The opening artist, Ravyn Lenae, is “one of the biggest rising stars” coming out of Chicago, according to committee co-chair Paula Toranzo ’25. The 24-year-old singer-songwriter is signed to Atlantic Records and the Three Twenty Three Music Group. Her music fuses R&B and soul.

“She has a velvety voice,” Toranzo said. “Genuinely it puts you into a trance. Her latest album is literally called ‘Hypnose’ and that embraces exactly what she is.”

To Toranzo, Lenae’s music is about self-love, with songs that promote “being confident in your own body” and “embracing your life.” Toranzo predicts that Lenae will bring together the crowd at her sunset performance. 

The committee judged potential artists based on their ability to connect with their audience, using videos of past performances as a metric, Toranzo explained. 

“Stage presence is huge,” Toranzo said. “And Ravyn Lenae, she has that. She connects with her crowd, she makes them sway, like cry. It’s really beautiful.”

A serendipitous event followed Lenae’s selection: one day, Levy and Toranzo were eating in the Commons Dining Hall when a group of students approached them with a list of Black artists they hoped to see represented at Spring Fling. Ravyn Lenae was one of them. Though the committee had already picked her out for the lineup, this feedback made them feel affirmed that they had made the right choice.

Levy emphasized that when admitting new students to the Spring Fling committee, they aim to create a group that represents the whole Yale community, in terms of both genre interest and identity.

“I think it will be very powerful to bring a Black woman artist onto this campus and really show the communities here on campus that might not always feel seen, that they can be on that stage, that they can be a big name,” Toranzo said. “That they don’t have to follow any typical trend or stereotype.”

Dombresky will follow Lenae with a set of electronic dance music. The French DJ has been mixing and producing music for around 15 years and belongs to the Insomniac record label. 

Levy credited last year’s lineup with EDM’s return to Spring Fling. She recalled students “dancing and feeling very free” during EDM artist Sofi Tukker’s set. Toranzo corroborated this, describing the genre as one with “undeniable energy.”

“One of the big takeaways from last year… was the power of having EDM artists or a DJ where people don’t need to come in knowing any lyrics,” Levy said. “All we need is people to come in with the energy to dance.”

Levy emphasized Dombresky’s knowledge of music production and his popular EDM tracks, “Down Low” and “Soul Sacrifice.” Based on videos of his past performances, she said she’s excited for him to rally the crowd.

Pusha T, the festival’s headliner, has been in the music scene for three decades, ranking as one of Billboard’s top 50 rappers of all time. Compared to previous lineups, which have tended to feature up-and-coming artists, Theodore noted that Pusha T is “very established.”

“I’ve never seen him live, [but] every video I’ve ever seen of him gives me chills,” Theodore said. “When I think about his name up on the screen, I literally start sweating a little bit. I think a big part of the reason we decided to go with him is because there’s an undeniable quality to his music that is pretty much unmatched by anybody working today.”
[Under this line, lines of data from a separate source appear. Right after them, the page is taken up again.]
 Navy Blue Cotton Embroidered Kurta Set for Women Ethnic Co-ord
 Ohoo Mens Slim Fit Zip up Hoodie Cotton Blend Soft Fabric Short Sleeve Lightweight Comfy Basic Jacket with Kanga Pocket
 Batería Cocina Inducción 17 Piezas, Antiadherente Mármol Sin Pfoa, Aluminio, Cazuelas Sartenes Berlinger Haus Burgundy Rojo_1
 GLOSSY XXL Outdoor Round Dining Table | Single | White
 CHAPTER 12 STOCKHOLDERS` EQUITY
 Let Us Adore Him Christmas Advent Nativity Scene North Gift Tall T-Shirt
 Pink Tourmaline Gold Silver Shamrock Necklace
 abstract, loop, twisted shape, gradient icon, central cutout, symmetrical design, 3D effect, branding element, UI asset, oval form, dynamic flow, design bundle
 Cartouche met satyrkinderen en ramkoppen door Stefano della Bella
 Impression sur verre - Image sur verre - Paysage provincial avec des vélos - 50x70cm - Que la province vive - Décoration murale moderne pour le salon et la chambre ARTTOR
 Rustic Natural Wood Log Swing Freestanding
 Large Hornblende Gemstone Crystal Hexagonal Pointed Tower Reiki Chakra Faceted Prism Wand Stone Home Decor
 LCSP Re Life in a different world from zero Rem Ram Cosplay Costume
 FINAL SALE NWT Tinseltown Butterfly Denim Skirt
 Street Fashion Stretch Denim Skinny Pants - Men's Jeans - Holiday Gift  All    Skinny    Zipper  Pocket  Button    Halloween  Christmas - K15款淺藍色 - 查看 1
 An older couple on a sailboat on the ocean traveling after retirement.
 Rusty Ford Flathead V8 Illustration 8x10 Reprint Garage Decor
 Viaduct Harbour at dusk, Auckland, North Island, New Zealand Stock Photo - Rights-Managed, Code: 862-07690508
According to Toranzo, the committee wanted to bring someone to campus whose work they respect and whose legacy was widely known. Zack Hauptman ’25, committee co-chair, praised not just Pusha T but also the artists with whom he collaborates. He cited Lauryn Hill, who Pusha T has a song with, and the Pharrell feature on the rapper’s recent album.

Hauptman, who is also an associate editor of the Yale Daily News magazine, said Pusha T will bring energy like “almost no other artist or rapper” could.

In light of last February’s student movement advocating for Pitbull to headline the festival, the four co-chairs recommended reaching out to the committee with recommendations early, particularly around September.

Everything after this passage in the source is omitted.